*Task requirements*.
Each line of the records below that includes "Opel" adds one to the count; state the final count by itself.

══════════

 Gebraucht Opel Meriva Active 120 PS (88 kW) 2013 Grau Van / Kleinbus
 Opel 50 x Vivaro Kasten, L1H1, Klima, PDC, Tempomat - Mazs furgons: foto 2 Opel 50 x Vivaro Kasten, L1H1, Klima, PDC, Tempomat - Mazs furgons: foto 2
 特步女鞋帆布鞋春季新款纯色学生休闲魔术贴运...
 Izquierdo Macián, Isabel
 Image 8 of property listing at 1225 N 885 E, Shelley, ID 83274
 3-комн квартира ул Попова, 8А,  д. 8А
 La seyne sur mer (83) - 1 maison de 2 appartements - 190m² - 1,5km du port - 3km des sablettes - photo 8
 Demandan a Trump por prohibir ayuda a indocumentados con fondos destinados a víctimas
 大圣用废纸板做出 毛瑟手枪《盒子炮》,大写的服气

══════════

*Written solution*.
2